- What you need to do:
Without any images, write the data out exactly as it appears.

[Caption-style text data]
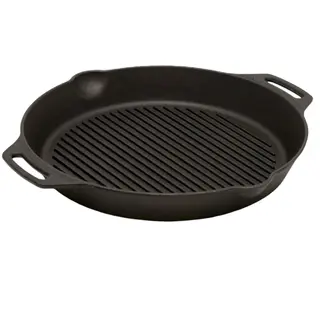 Petromax Grill Fire Skillet GP30H, patelnia, czarny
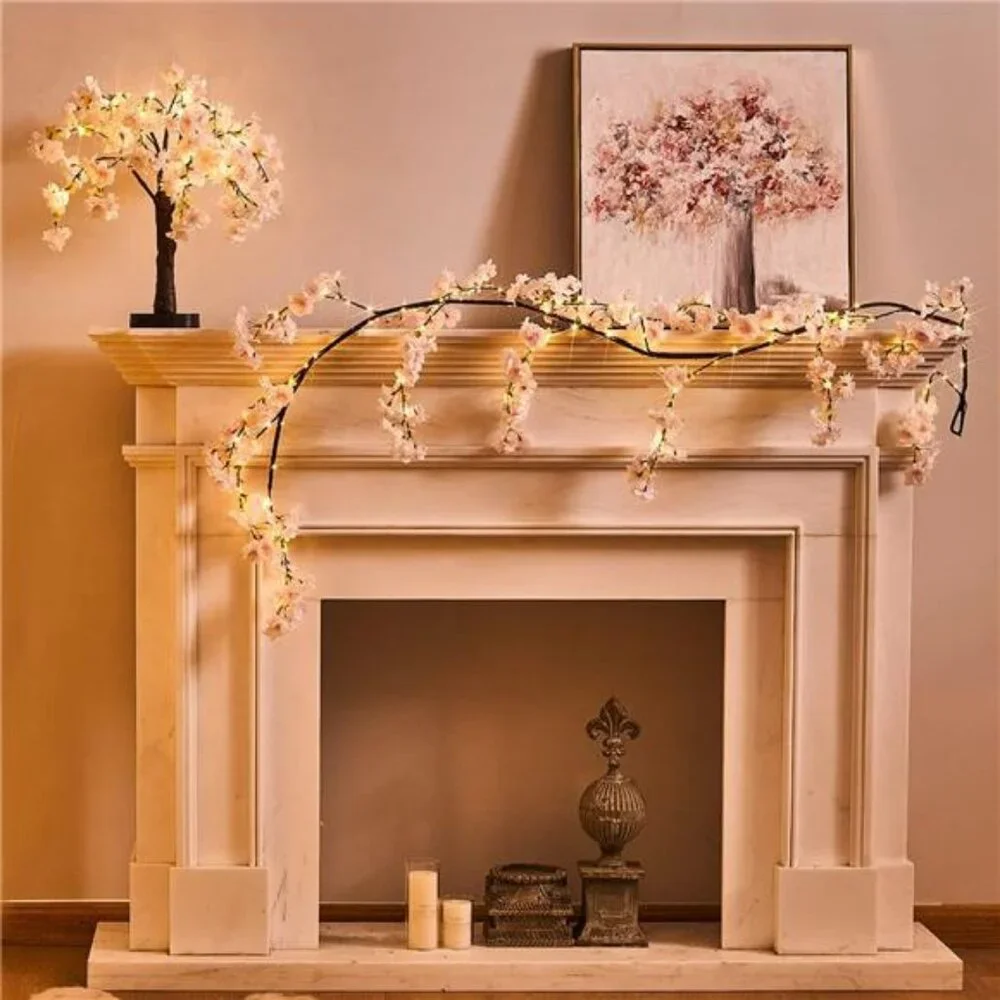 N/A 【lighted flower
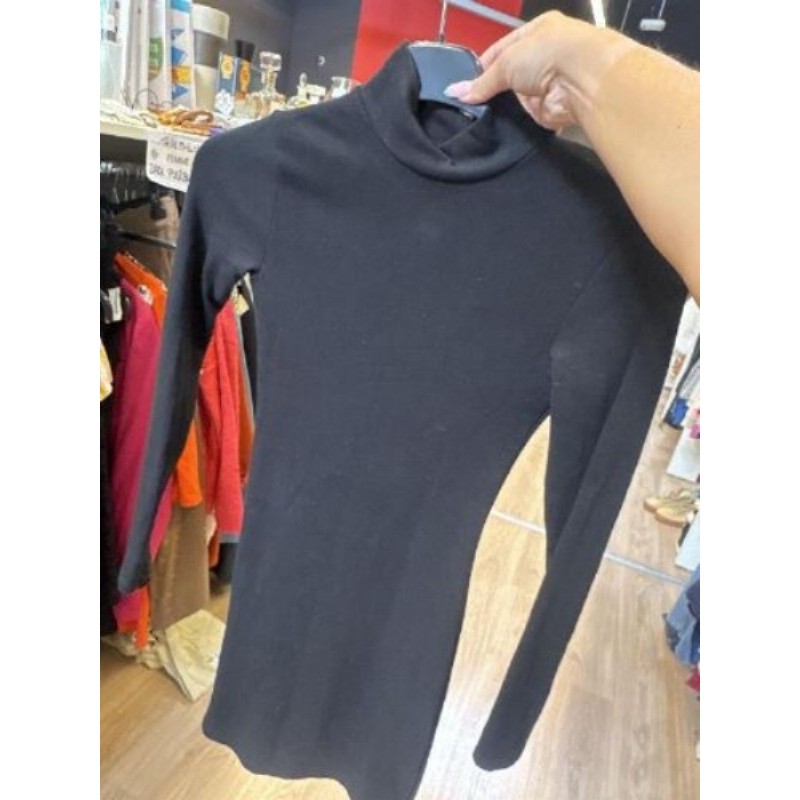 Robe manche longue bershka S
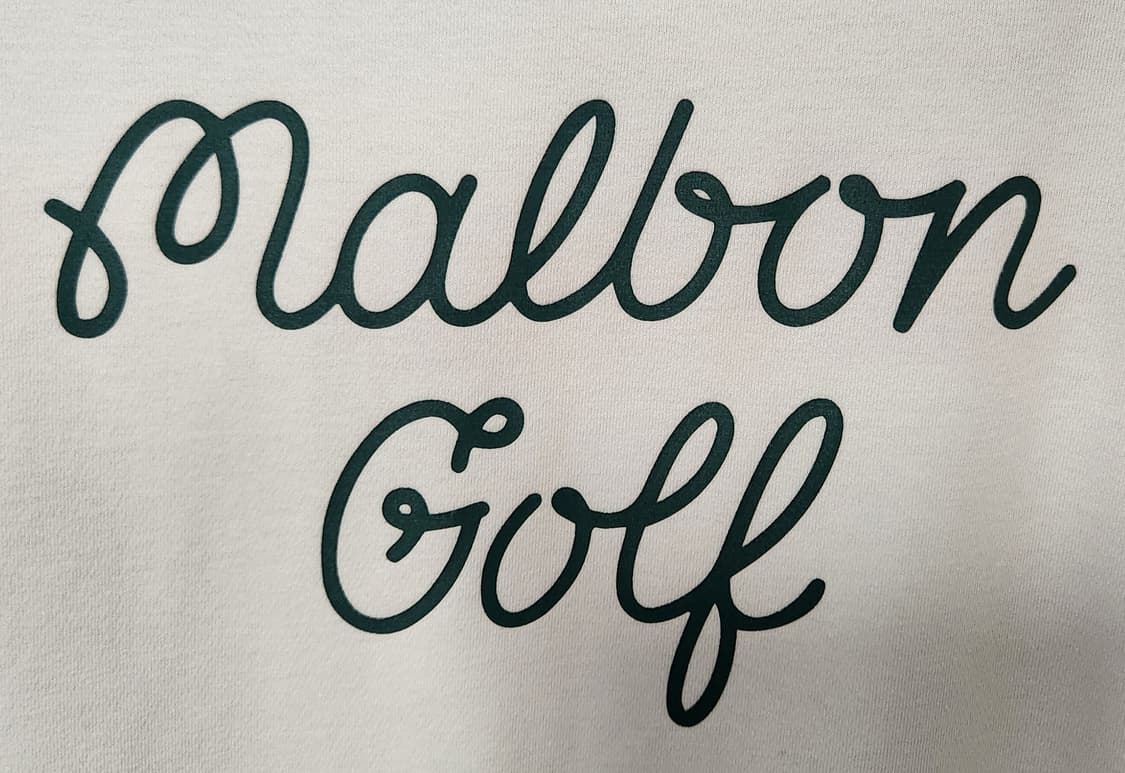 말본골프티셔츠 M (95) 상품이미지4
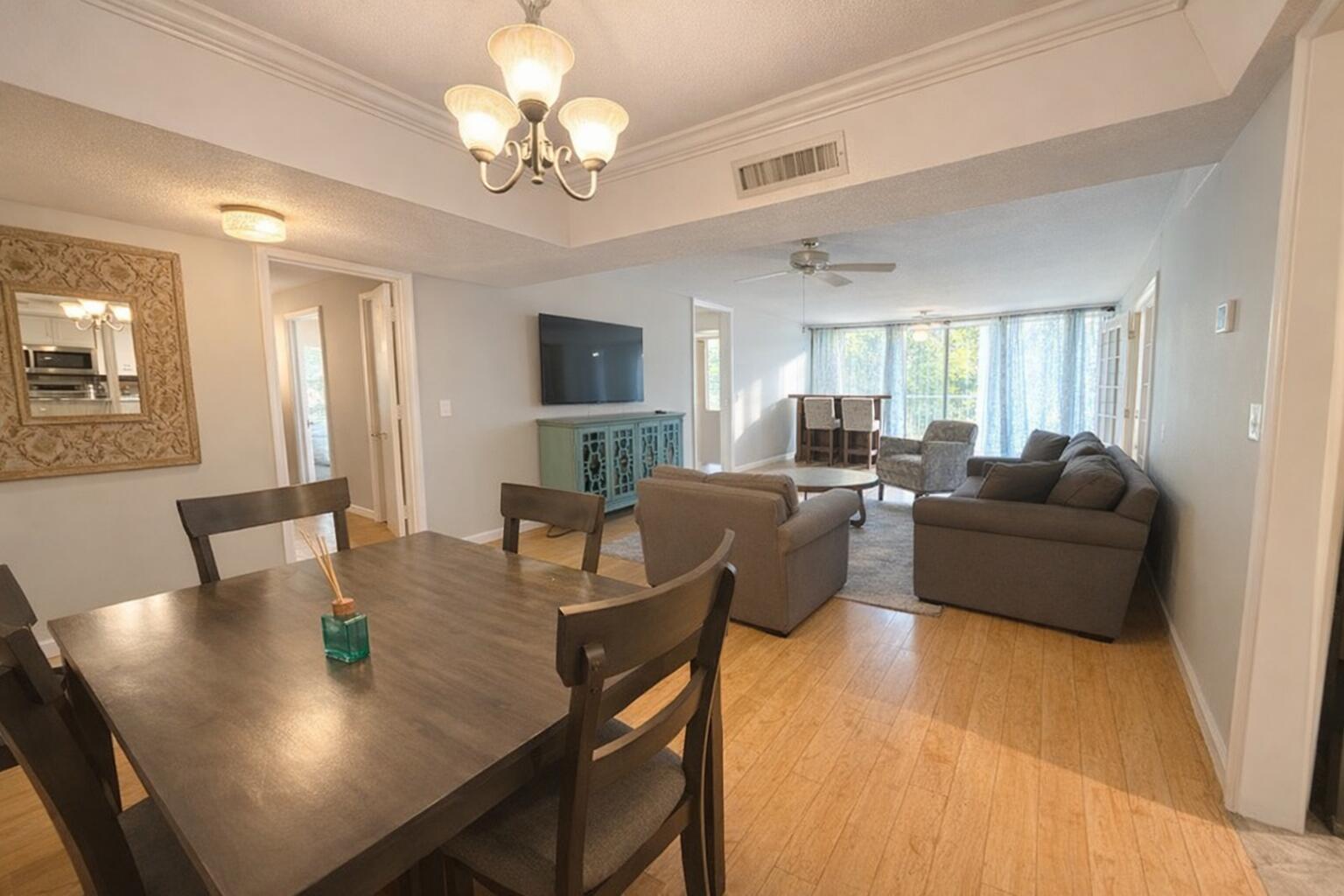 501 Southwest 11th Place, Unit 212 Boca Raton, FL 33432 - Photo 1 of 13 Living room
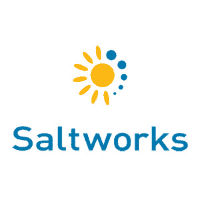 Saltworks Technologies Square Logo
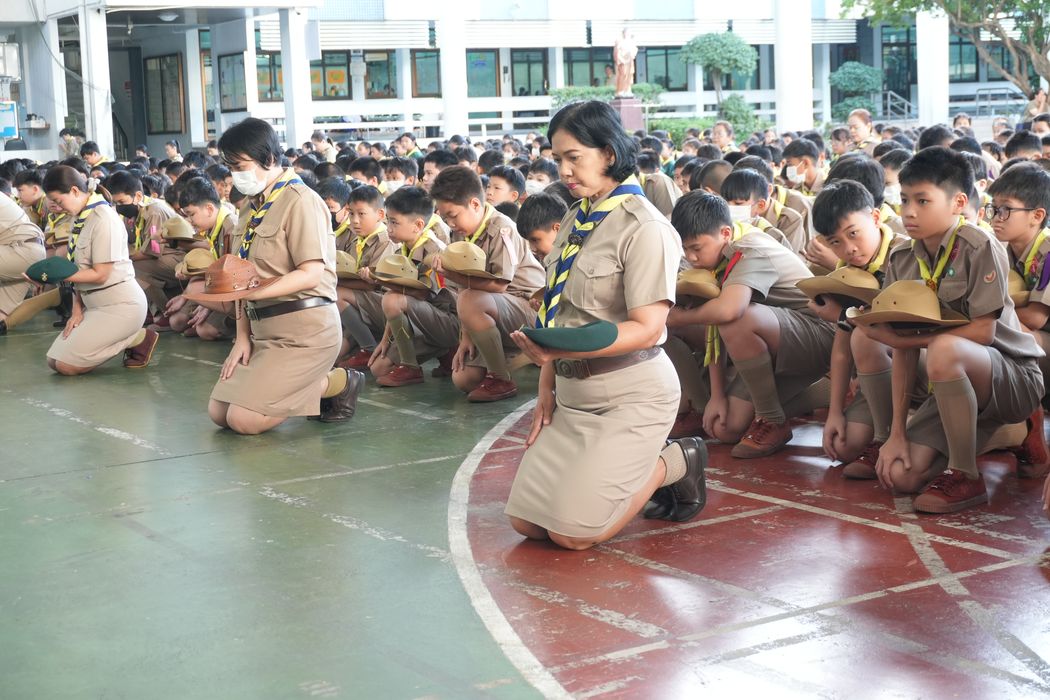 โรงเรียนปรีชานุศาสน์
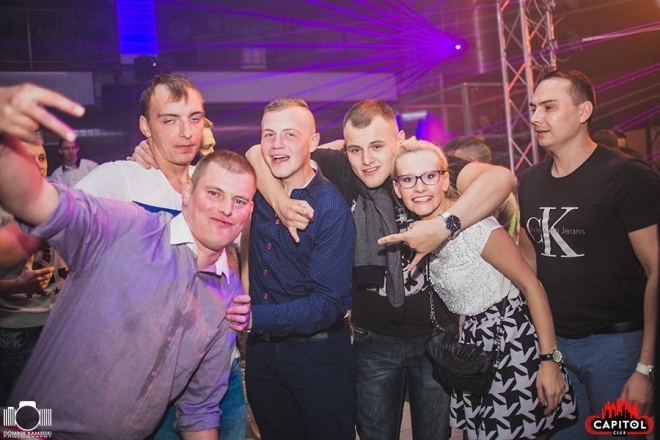 Halloween w Clubie Capitol Sypniewo [31.10.2015] - zdjęcie #15 - eOstroleka.pl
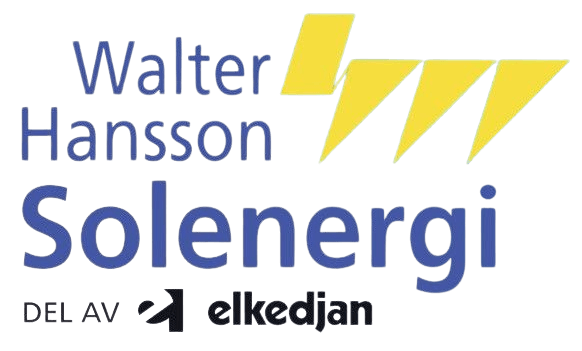 walter hansson solenergi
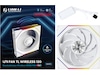 Lian Li UNI FAN TL Wireless Reverse (hvit) Vifter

- Answer space:
 Petromax Grill Fire Skillet GP30H, patelnia, czarny
 N/A 【lighted flower
 Robe manche longue bershka S
 말본골프티셔츠 M (95) 상품이미지4
 501 Southwest 11th Place, Unit 212 Boca Raton, FL 33432 - Photo 1 of 13 Living room
 Saltworks Technologies Square Logo
 โรงเรียนปรีชานุศาสน์
 Halloween w Clubie Capitol Sypniewo [31.10.2015] - zdjęcie #15 - eOstroleka.pl
 walter hansson solenergi
 Lian Li UNI FAN TL Wireless Reverse (hvit) Vifter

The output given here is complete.